Developed by at The Children's Hospital of Philadelphia Research Institute

Working with sets without knowing set theory.

An ongoing design goal of Harvest is to expose just enough functionality to enable data discovery, but no more. This is a fine line since this greatly benefits new users, but power users may find this a limitation. One area where this line exists is exposing users to set theory and boolean logic in general. It is difficult for many people to quickly understand (A and (B or (C and D))). The nesting of conditions (with all those parentheses) causes the eyes to squint until you realize you need to start with the innermost condition and work your way outward.

Aside from exposing users to these details, it is incredibly difficult to make a decent user experience interacting with these low-level concepts. The interface can quickly become complex and interactions become complicated. As a result, it is common for query applications to succumb to the demand of power users and eventually embed a command prompt for writing raw queries to the application.

cathode terminal

Discovery is Iterative

One inherent characteristic of data discovery is its iterative nature. The question being asked is constantly being refined and tweaked as data is being assessed and new knowledge is being gained along the way. Coming back to our example above, we can apply this knowledge gain and collapse each expression as it is evaluated:

M = C and D     // first iteration
N = B or M      // second
P = A and N     // third

X = P = (A and (B or (C and D)))

X = P is much easier to read and understand than X = (A and (B or (C and D))). The point here is that each iteration produces a new building block to be composed into the next iteration (refinement) of the question.

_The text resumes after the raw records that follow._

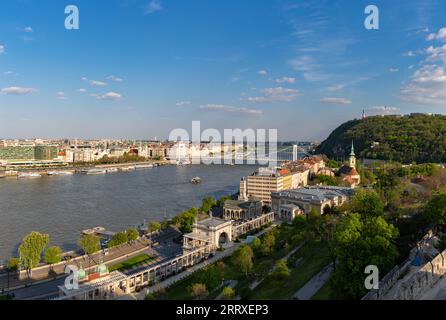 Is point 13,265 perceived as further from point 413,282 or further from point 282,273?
point 413,282

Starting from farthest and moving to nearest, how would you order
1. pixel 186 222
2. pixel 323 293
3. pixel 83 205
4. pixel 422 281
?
1. pixel 83 205
2. pixel 186 222
3. pixel 323 293
4. pixel 422 281

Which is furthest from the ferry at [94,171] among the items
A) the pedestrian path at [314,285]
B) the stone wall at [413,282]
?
the stone wall at [413,282]

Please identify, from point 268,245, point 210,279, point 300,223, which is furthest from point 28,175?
point 210,279

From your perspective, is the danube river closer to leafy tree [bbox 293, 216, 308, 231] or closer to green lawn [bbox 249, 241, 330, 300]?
leafy tree [bbox 293, 216, 308, 231]

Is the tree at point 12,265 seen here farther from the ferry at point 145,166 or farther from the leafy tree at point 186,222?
the ferry at point 145,166

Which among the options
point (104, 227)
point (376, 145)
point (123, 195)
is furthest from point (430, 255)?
point (376, 145) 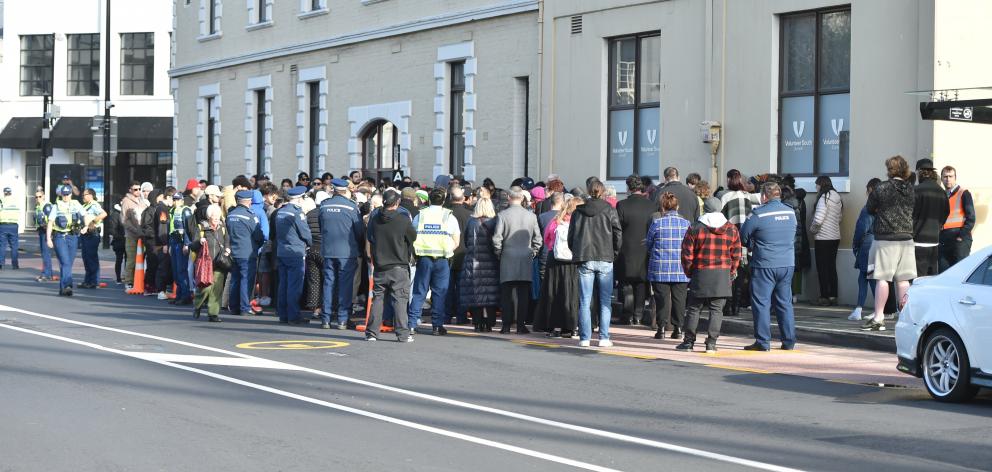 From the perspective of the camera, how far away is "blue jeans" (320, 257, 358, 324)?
57.5 ft

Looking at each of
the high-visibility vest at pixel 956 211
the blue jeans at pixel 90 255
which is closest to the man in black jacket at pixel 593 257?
the high-visibility vest at pixel 956 211

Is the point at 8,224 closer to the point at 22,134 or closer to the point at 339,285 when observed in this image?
the point at 339,285

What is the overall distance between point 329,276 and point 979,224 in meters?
8.70

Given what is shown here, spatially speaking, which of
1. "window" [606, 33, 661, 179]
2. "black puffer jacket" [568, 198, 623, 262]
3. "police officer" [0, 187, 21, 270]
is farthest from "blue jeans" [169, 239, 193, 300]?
"police officer" [0, 187, 21, 270]

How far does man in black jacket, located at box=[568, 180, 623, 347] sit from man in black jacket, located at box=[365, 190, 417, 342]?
194cm

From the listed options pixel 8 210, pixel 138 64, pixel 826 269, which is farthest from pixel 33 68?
pixel 826 269

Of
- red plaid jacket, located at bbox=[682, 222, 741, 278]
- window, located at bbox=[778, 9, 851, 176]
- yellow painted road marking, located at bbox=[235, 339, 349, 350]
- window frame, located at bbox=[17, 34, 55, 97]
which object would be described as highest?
window frame, located at bbox=[17, 34, 55, 97]

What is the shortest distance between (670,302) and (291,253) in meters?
5.15

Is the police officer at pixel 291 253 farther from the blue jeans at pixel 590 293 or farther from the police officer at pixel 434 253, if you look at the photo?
the blue jeans at pixel 590 293

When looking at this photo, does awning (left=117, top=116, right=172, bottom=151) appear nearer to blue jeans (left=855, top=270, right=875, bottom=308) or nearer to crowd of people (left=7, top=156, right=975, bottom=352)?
crowd of people (left=7, top=156, right=975, bottom=352)

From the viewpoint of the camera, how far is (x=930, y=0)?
18688mm

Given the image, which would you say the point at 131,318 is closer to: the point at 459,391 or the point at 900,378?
the point at 459,391

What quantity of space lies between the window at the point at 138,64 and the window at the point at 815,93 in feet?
118

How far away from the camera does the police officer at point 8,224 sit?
30.5 m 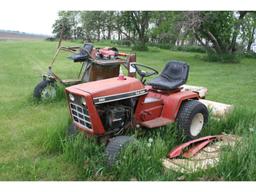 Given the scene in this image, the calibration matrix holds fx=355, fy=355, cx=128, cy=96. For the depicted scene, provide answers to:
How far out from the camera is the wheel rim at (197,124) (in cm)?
448

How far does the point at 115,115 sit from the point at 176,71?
4.09ft

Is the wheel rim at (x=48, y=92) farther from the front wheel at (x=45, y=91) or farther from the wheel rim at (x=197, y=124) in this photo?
the wheel rim at (x=197, y=124)

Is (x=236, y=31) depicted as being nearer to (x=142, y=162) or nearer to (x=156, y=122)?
(x=156, y=122)

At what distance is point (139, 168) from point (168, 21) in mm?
14880

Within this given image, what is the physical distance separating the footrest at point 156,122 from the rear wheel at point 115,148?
27.0 inches

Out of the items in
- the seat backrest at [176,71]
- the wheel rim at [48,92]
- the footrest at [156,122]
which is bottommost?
the wheel rim at [48,92]

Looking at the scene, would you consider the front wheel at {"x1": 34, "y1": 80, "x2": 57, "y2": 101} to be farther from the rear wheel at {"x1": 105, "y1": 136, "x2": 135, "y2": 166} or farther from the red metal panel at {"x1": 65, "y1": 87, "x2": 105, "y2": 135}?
the rear wheel at {"x1": 105, "y1": 136, "x2": 135, "y2": 166}

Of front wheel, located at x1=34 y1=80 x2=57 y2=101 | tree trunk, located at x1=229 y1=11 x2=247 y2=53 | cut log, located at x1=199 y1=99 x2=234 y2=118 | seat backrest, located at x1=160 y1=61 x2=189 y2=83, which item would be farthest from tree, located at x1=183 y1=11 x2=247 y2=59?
seat backrest, located at x1=160 y1=61 x2=189 y2=83

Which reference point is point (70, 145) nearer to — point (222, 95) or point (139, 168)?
point (139, 168)

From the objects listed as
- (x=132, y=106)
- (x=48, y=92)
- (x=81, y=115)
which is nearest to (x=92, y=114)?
(x=81, y=115)

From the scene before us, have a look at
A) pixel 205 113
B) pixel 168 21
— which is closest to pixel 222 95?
pixel 205 113

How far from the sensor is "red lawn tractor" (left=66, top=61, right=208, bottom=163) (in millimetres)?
3645

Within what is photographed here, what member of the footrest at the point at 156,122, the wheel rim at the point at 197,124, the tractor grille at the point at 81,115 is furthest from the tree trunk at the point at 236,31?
the tractor grille at the point at 81,115

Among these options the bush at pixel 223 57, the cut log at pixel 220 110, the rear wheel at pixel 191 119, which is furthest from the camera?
the bush at pixel 223 57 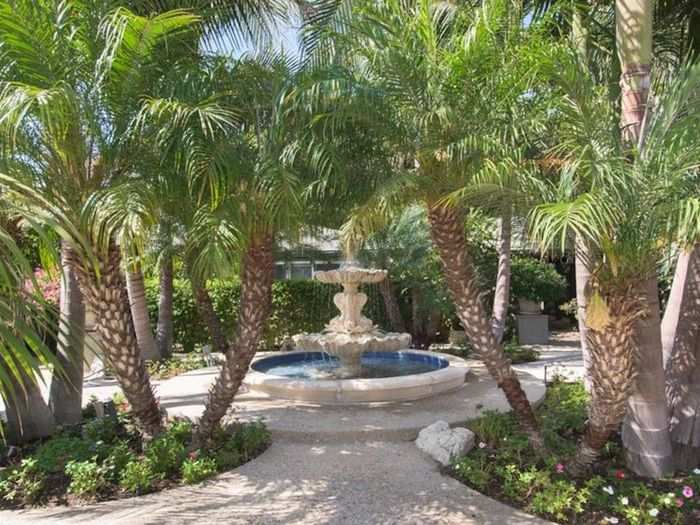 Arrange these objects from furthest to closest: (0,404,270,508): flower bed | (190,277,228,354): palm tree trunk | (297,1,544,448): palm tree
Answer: (190,277,228,354): palm tree trunk, (0,404,270,508): flower bed, (297,1,544,448): palm tree

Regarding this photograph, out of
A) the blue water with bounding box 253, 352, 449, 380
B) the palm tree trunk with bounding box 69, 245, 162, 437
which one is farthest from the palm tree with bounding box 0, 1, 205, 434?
the blue water with bounding box 253, 352, 449, 380

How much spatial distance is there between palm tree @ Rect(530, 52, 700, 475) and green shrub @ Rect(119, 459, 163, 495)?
4635 mm

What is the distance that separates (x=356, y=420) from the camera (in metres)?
7.88

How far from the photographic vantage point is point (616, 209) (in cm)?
438

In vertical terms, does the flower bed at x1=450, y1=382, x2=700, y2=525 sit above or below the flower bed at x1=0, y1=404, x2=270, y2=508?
below

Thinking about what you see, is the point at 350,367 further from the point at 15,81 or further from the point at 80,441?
the point at 15,81

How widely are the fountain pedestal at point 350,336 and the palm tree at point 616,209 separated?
583 centimetres

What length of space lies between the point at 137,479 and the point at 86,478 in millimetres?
513

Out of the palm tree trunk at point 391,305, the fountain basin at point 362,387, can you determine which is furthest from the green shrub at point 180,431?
the palm tree trunk at point 391,305

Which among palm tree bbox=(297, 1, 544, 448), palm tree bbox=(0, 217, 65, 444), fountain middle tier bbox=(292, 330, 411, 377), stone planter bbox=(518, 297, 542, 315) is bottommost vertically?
fountain middle tier bbox=(292, 330, 411, 377)

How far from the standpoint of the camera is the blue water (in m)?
11.3

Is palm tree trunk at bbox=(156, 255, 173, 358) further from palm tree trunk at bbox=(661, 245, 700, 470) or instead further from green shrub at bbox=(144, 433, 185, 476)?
palm tree trunk at bbox=(661, 245, 700, 470)

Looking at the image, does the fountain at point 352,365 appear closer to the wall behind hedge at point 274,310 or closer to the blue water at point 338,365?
the blue water at point 338,365

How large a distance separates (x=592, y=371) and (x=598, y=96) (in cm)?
270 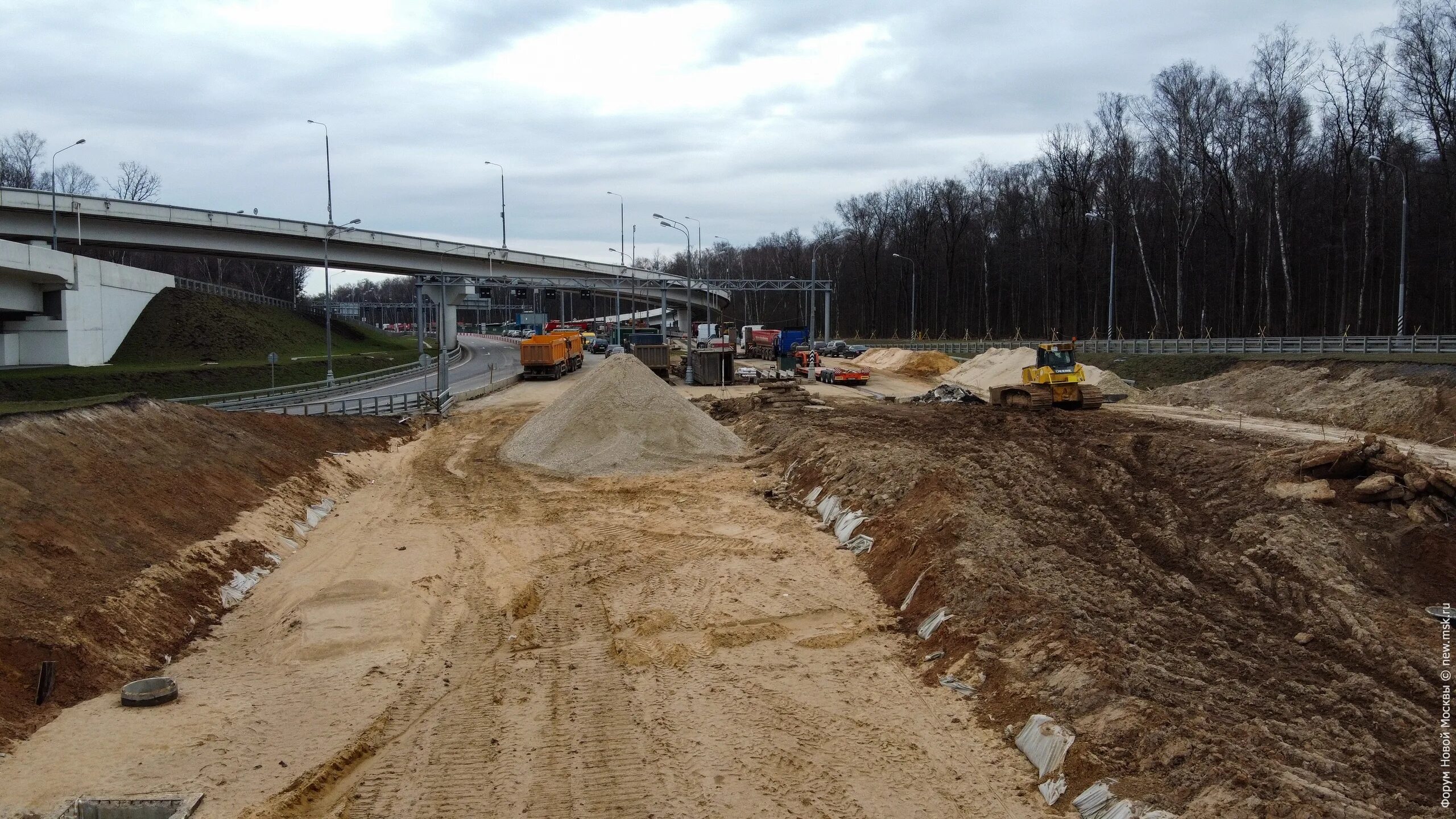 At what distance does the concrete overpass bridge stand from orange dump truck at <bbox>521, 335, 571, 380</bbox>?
3927 mm

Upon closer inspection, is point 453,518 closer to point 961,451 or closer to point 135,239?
point 961,451

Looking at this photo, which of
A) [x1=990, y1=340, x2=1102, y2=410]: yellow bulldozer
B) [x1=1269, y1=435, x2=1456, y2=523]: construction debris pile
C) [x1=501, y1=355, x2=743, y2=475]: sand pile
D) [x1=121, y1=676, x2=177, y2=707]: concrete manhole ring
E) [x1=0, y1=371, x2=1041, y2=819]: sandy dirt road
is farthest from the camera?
[x1=990, y1=340, x2=1102, y2=410]: yellow bulldozer

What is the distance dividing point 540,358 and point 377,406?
68.0 ft

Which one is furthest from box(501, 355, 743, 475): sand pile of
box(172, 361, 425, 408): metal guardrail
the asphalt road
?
box(172, 361, 425, 408): metal guardrail

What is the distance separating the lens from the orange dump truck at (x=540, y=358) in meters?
58.6

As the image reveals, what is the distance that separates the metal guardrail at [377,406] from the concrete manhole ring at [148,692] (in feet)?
79.9

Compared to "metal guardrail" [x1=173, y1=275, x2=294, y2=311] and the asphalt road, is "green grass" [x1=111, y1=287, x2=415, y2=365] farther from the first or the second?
the asphalt road

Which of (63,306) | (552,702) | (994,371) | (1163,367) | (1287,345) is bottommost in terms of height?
(552,702)

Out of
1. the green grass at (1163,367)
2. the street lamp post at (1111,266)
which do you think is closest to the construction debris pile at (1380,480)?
the green grass at (1163,367)

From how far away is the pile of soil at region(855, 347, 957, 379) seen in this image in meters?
66.8

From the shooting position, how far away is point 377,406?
38344mm

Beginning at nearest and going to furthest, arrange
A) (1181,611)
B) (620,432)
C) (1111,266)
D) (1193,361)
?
1. (1181,611)
2. (620,432)
3. (1193,361)
4. (1111,266)

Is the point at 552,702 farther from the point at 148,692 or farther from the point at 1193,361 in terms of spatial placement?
the point at 1193,361

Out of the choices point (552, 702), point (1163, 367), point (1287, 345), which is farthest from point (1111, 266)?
point (552, 702) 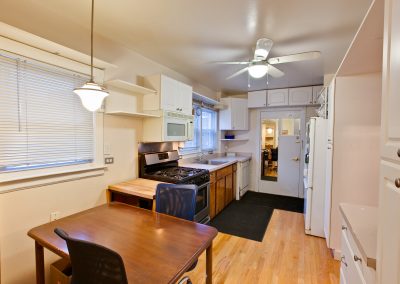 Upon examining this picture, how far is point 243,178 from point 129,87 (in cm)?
334

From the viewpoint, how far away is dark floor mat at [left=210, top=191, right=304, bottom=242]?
3027 mm

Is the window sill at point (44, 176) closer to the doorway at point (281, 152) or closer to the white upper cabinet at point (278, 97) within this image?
the white upper cabinet at point (278, 97)

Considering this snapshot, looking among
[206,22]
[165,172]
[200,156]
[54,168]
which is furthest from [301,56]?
[200,156]

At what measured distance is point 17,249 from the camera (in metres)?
1.66

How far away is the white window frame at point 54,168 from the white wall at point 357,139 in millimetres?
2672

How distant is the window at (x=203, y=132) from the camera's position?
4.11 meters

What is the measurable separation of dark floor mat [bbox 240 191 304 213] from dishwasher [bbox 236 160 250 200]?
0.14 meters

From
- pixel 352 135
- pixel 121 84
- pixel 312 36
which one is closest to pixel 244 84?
pixel 312 36

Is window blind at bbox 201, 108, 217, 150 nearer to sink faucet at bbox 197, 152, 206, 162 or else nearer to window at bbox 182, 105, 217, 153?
window at bbox 182, 105, 217, 153

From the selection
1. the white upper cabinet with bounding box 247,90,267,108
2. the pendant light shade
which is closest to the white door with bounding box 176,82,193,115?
the pendant light shade

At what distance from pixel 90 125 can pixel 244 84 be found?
321 centimetres

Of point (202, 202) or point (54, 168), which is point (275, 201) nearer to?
point (202, 202)

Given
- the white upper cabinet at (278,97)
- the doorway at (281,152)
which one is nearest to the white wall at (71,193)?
the white upper cabinet at (278,97)

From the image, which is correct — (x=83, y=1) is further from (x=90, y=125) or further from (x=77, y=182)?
(x=77, y=182) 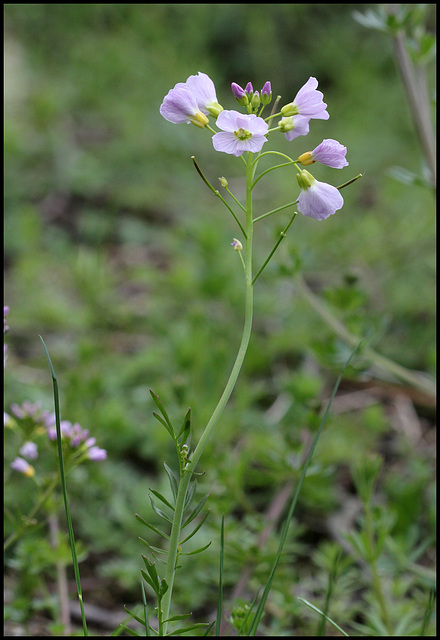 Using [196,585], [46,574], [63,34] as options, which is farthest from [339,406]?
[63,34]

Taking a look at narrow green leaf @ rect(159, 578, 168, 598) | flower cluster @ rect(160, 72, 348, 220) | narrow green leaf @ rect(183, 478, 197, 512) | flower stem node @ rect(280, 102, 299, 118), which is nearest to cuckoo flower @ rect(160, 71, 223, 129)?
flower cluster @ rect(160, 72, 348, 220)

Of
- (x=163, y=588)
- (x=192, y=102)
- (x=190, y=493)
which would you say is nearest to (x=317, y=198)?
(x=192, y=102)

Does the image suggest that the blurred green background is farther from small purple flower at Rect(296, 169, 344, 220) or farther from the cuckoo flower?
the cuckoo flower

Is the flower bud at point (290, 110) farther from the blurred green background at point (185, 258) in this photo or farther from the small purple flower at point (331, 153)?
the blurred green background at point (185, 258)

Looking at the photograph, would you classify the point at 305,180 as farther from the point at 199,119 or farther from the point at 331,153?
the point at 199,119

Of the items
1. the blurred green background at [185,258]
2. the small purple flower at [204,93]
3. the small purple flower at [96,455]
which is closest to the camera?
the small purple flower at [204,93]

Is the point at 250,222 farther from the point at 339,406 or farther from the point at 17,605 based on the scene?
the point at 339,406

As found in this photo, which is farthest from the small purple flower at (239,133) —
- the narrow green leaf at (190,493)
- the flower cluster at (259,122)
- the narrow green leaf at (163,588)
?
the narrow green leaf at (163,588) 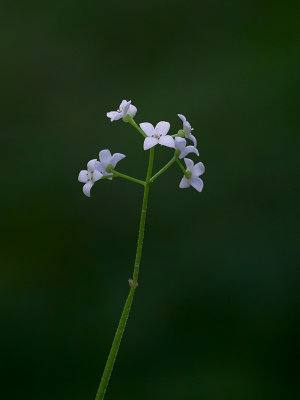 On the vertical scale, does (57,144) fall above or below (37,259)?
above

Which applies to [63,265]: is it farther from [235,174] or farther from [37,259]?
[235,174]

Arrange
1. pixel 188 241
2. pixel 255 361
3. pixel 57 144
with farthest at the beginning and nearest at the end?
pixel 57 144 → pixel 188 241 → pixel 255 361

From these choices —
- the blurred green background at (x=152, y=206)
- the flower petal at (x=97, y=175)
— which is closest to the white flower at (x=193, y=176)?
the flower petal at (x=97, y=175)

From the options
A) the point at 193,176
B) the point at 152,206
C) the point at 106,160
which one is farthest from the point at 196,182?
the point at 152,206

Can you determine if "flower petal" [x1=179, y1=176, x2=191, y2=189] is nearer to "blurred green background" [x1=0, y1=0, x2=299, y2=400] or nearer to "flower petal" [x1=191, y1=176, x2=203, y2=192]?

So how is Harvest going to accomplish this? Object sets.

Each iteration produces a result that can be represented as an object set. Regardless of how complicated the query was getting there, the object set is now a single object that needs to be added into subsequent queries. Furthermore, object sets are not simply references to the underlying query, but they contain direct references to the objects themselves. This ensures you always get back the original objects as you originally saw them. Objects can be added or removed from the set, which makes it possible to refine a set over time.

Integration of object sets is the big feature scheduled for version 2.3.